第4話
その日、最後のヒグラシが死んだ。その虚しい声は、本当の
俺は、その後の事をあまり覚えていない。只管に喉を枯らして泣いたのだろうか? はたまた、眠ってしまっただろうか? 今、分かる事は眠りから覚めた事だけ。
ヒグラシが鳴き、夕日が落ちている。ベンチ以外特に何もない公園に、温厚な色が広がる。そう俺は認識した。
「おはようございます。いっぱい寝ましたね」
そんな女の声がする。自分がもたれかかっている物は、女だった。
「あぁ」
我ながら枯れ切ったと思う声で返事を返す。
そういえば、そういえば、なんだっけ? 忘れてしまった。覚醒しきっていない意識で考えてみるが、何も思いつかない。ただ心地だけが良い。

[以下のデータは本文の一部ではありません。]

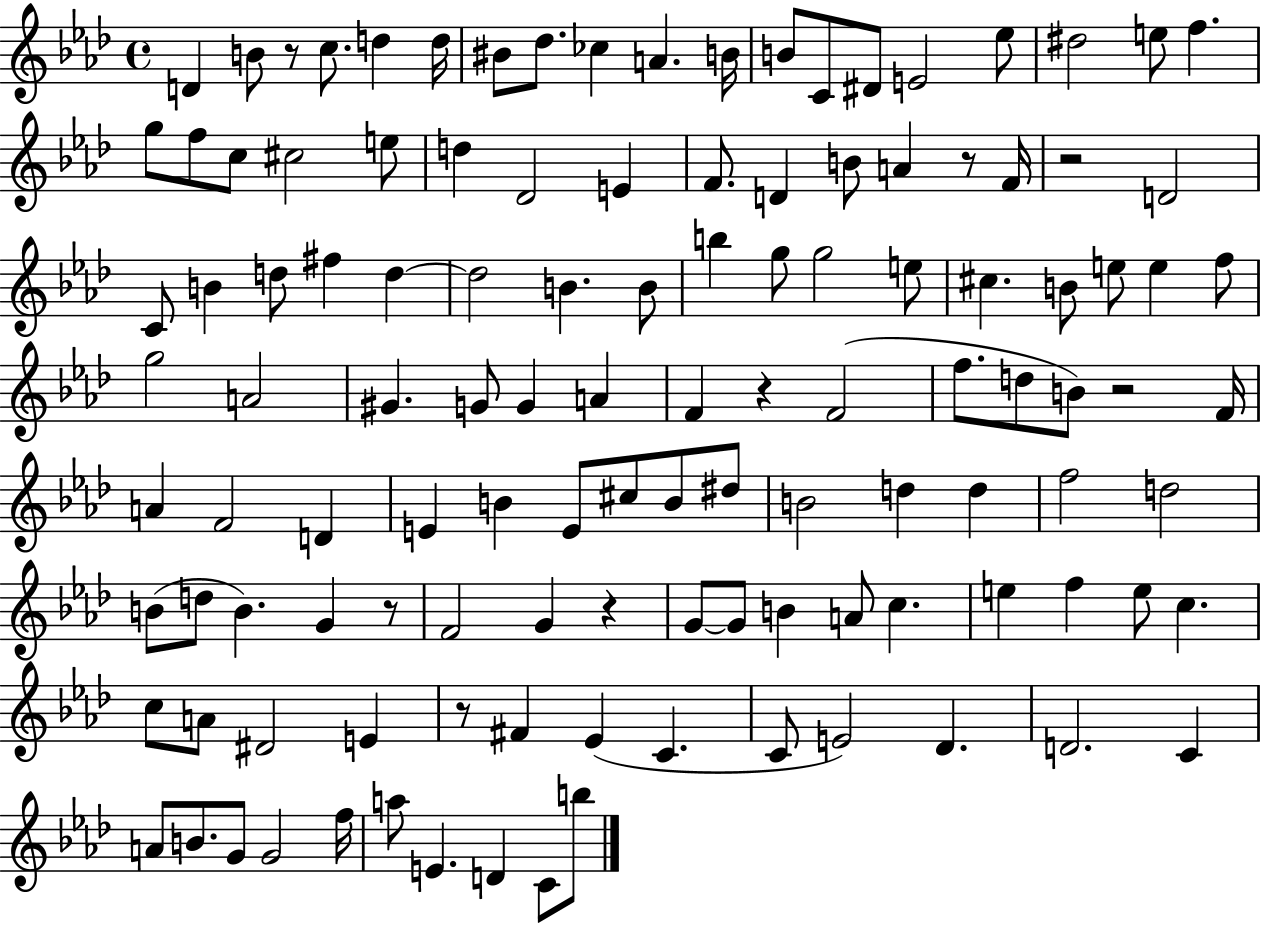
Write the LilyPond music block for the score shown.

{
  \clef treble
  \time 4/4
  \defaultTimeSignature
  \key aes \major
  d'4 b'8 r8 c''8. d''4 d''16 | bis'8 des''8. ces''4 a'4. b'16 | b'8 c'8 dis'8 e'2 ees''8 | dis''2 e''8 f''4. | \break g''8 f''8 c''8 cis''2 e''8 | d''4 des'2 e'4 | f'8. d'4 b'8 a'4 r8 f'16 | r2 d'2 | \break c'8 b'4 d''8 fis''4 d''4~~ | d''2 b'4. b'8 | b''4 g''8 g''2 e''8 | cis''4. b'8 e''8 e''4 f''8 | \break g''2 a'2 | gis'4. g'8 g'4 a'4 | f'4 r4 f'2( | f''8. d''8 b'8) r2 f'16 | \break a'4 f'2 d'4 | e'4 b'4 e'8 cis''8 b'8 dis''8 | b'2 d''4 d''4 | f''2 d''2 | \break b'8( d''8 b'4.) g'4 r8 | f'2 g'4 r4 | g'8~~ g'8 b'4 a'8 c''4. | e''4 f''4 e''8 c''4. | \break c''8 a'8 dis'2 e'4 | r8 fis'4 ees'4( c'4. | c'8 e'2) des'4. | d'2. c'4 | \break a'8 b'8. g'8 g'2 f''16 | a''8 e'4. d'4 c'8 b''8 | \bar "|."
}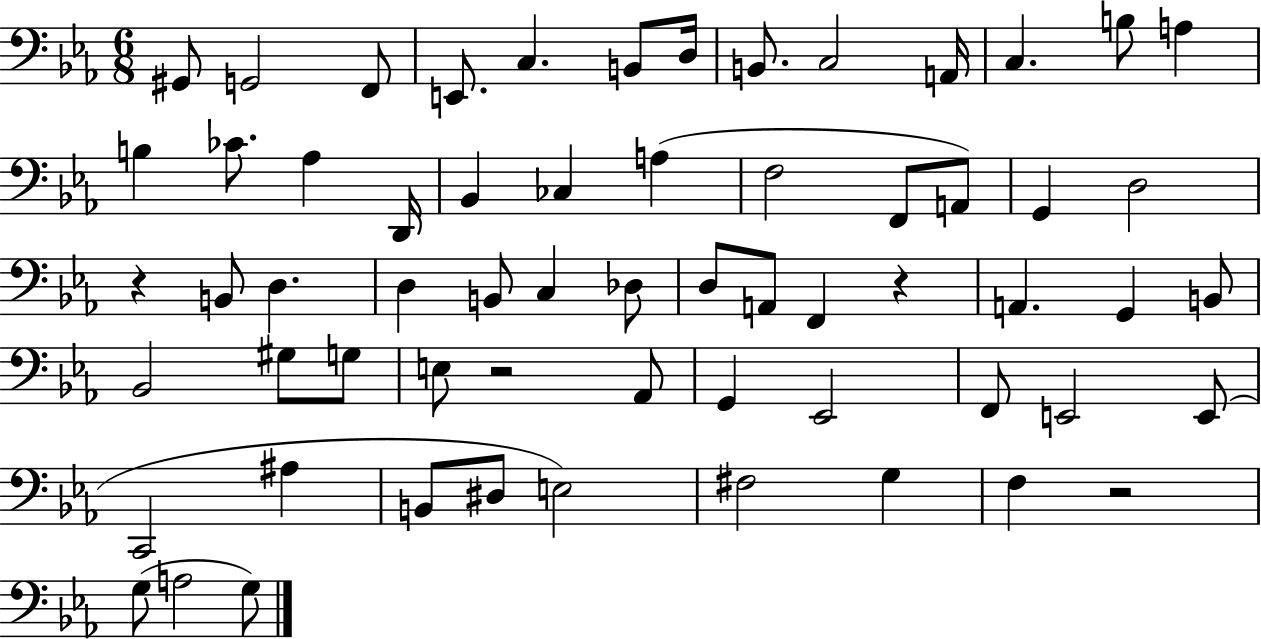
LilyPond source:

{
  \clef bass
  \numericTimeSignature
  \time 6/8
  \key ees \major
  gis,8 g,2 f,8 | e,8. c4. b,8 d16 | b,8. c2 a,16 | c4. b8 a4 | \break b4 ces'8. aes4 d,16 | bes,4 ces4 a4( | f2 f,8 a,8) | g,4 d2 | \break r4 b,8 d4. | d4 b,8 c4 des8 | d8 a,8 f,4 r4 | a,4. g,4 b,8 | \break bes,2 gis8 g8 | e8 r2 aes,8 | g,4 ees,2 | f,8 e,2 e,8( | \break c,2 ais4 | b,8 dis8 e2) | fis2 g4 | f4 r2 | \break g8( a2 g8) | \bar "|."
}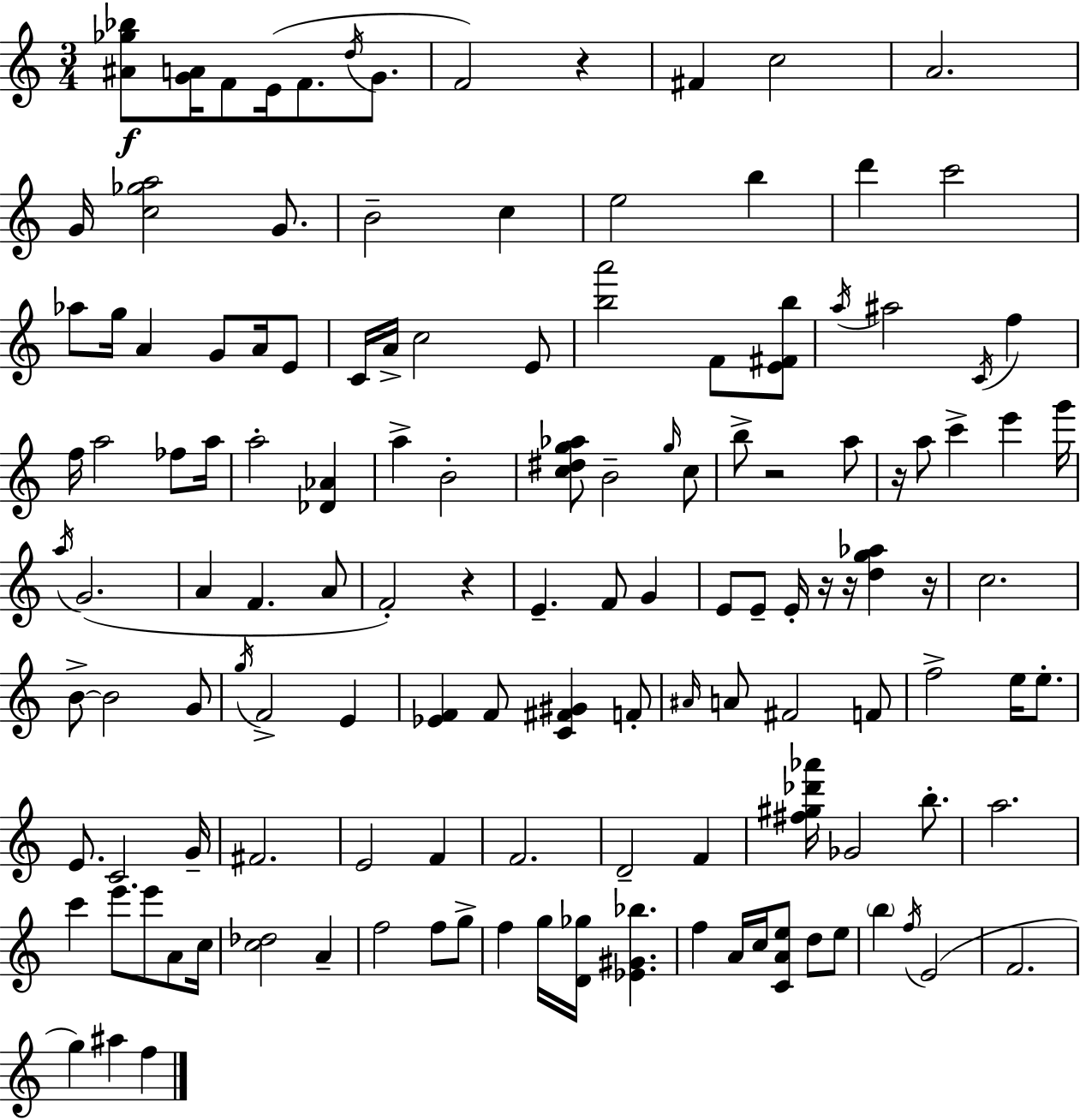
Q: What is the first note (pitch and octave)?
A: F4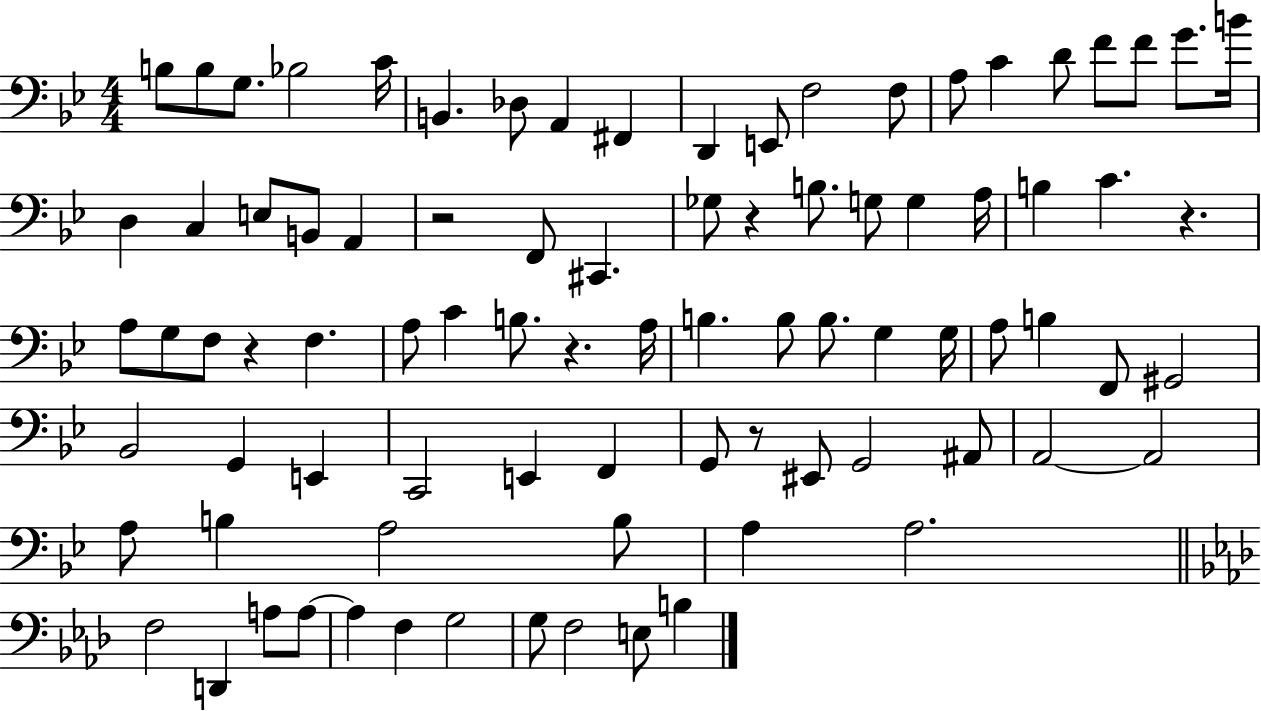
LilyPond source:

{
  \clef bass
  \numericTimeSignature
  \time 4/4
  \key bes \major
  b8 b8 g8. bes2 c'16 | b,4. des8 a,4 fis,4 | d,4 e,8 f2 f8 | a8 c'4 d'8 f'8 f'8 g'8. b'16 | \break d4 c4 e8 b,8 a,4 | r2 f,8 cis,4. | ges8 r4 b8. g8 g4 a16 | b4 c'4. r4. | \break a8 g8 f8 r4 f4. | a8 c'4 b8. r4. a16 | b4. b8 b8. g4 g16 | a8 b4 f,8 gis,2 | \break bes,2 g,4 e,4 | c,2 e,4 f,4 | g,8 r8 eis,8 g,2 ais,8 | a,2~~ a,2 | \break a8 b4 a2 b8 | a4 a2. | \bar "||" \break \key f \minor f2 d,4 a8 a8~~ | a4 f4 g2 | g8 f2 e8 b4 | \bar "|."
}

「帰りますか? 明日から学校でしたっけ? 私はよく知りませんが」
「そんな事を言われたも、今は何もできない」
そう何もできないのである。虚無に小石を投げている気分は変わらない。
「そうですか? 何にもできないと言いつつも、その。私の手は握ってくれるのですね」
心地が良い正体は、手の感触である。だが、不思議な事に離したくないと勇人は感じた。それはそれは、なんて節操がない事でしょうか。
でも、離したくなかった。理由はそれだけで良い。
「では、もう夕飯時なので帰りましょうか。お母さん心配しますよ。手を繋いでいても良いので、前を向いて歩きましょう」
その時、ヒグラシが鳴き止んだ。数多の木々の隙間から、飛び出してきたそのセミは、公園から見える車道に身を投げた。そして、たまたま走っていた自動車に撥ねられた。
もちろんその光景は、二人の視界内の出来事である。女はなんと思ったのだろうか。その出来事を笑いを堪えるかのように鼻を鳴らした。